幽霊

呪怨2』('03、清水崇監督)見る。映画版の2。今までどうもこの監督の面白さがわからなかったのだが、これは凄かった。時間軸のトリッキーな操作が、映画内部でのオカルト現象そのものになってしまう新山千春のパートは痛快だし、ラストの酒井法子の出産シーンの惨劇演出も相当にいい。ネタ自体はラース・フォン・トリアーのパクリなのだが、無防備な産婦が100%頼りにしているところの医師たちが、眼の前の出来事に恐れおののき、手術室の壁にへばりついてガクガク震えているのだ。ああ怖い。そして現実と幻の間を「夢オチ」やさらにはPV風の好き勝手な飛躍でもって何度も何度も往復し、挙句にどっちが現実なんだかわからなくなる市川由衣のパートなんかはちょっと凄いんではないかと思う。結局どっちも市川由衣にとっての「現実」ということになって、するとカメラは限りなく純粋な「主観」に近づいていき、その擬似的な「主観」体験がフィルムの表面そのものとあられもなく一致して、因果関係や辻褄の破綻が「映画」の名の下に全肯定される*1
清水崇の映画はさりげなく画面に何か忍び込ませてあるので、つい色んなところをチェックしてしまうのだが、この感覚って心霊写真だよなと以前から思っていた。そうしたらまさに心霊写真そのもののようなショットが出てきて、そのことがまた映画というものへのラディカルな挑発になっていて興奮した。
だいたい幽霊って何で出てくるんだろうと思う。直接手を下して恨みを晴らすのならわかるけど、たいていの場合はただ「いる」だけだったりする。純然たる「現われ」であって、それを見てしまった人は色んな理由で怖がるけれども、幽霊の側としてはそんな可視性だけに全存在が賭けられている。phantom にしろ、apparition にしろ、皆「見える」ということにまつわる意味の言葉だ*2。とにかく「現われ」て、「い」て、誰かに「見られ」るだけの存在……もちろんダンスのことを連想してしまうわけだけど。
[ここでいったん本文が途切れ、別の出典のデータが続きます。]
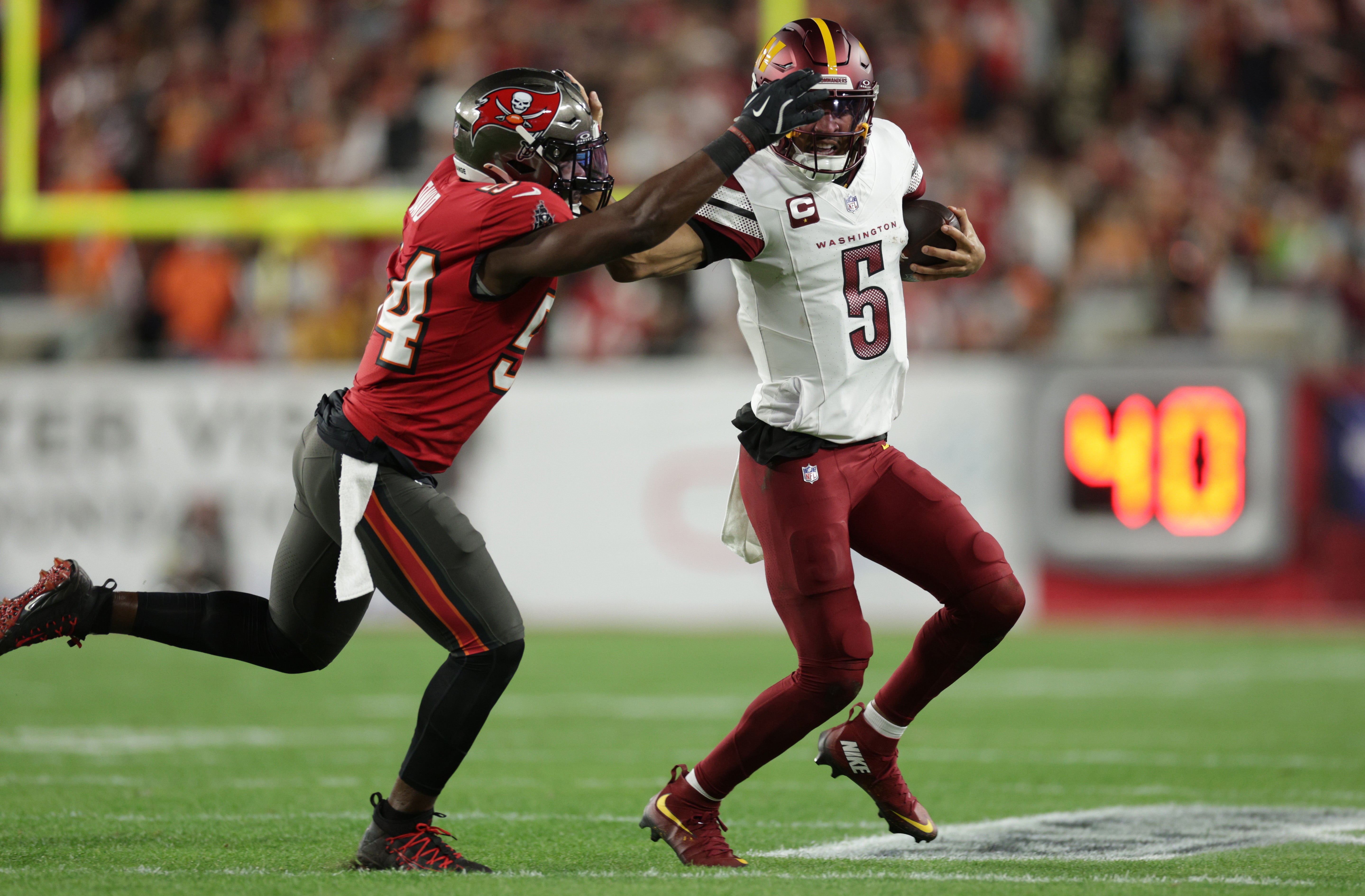 Jan 12, 2025; Tampa, Florida, USA; Washington Commanders quarterback Jayden Daniels (5) is tackled by Tampa Bay Buccaneers linebacker Lavonte David (54) during the first quarter of a NFC wild card playoff at Raymond James Stadium.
*1:「主観」という形を借りて、実はフィルムやカメラという超越的な「表層」が限界まで迫り出してくる。ここを見ながらチェルフィッチュの芝居を思い出していて、演劇には映画におけるフィルムに相当するような超越的「表層」があるのだろうか、あるとしたらそれはどんなものか、ということを考えた。

*2:ちなみに ghost は Geist(精神) と関係があるらしい。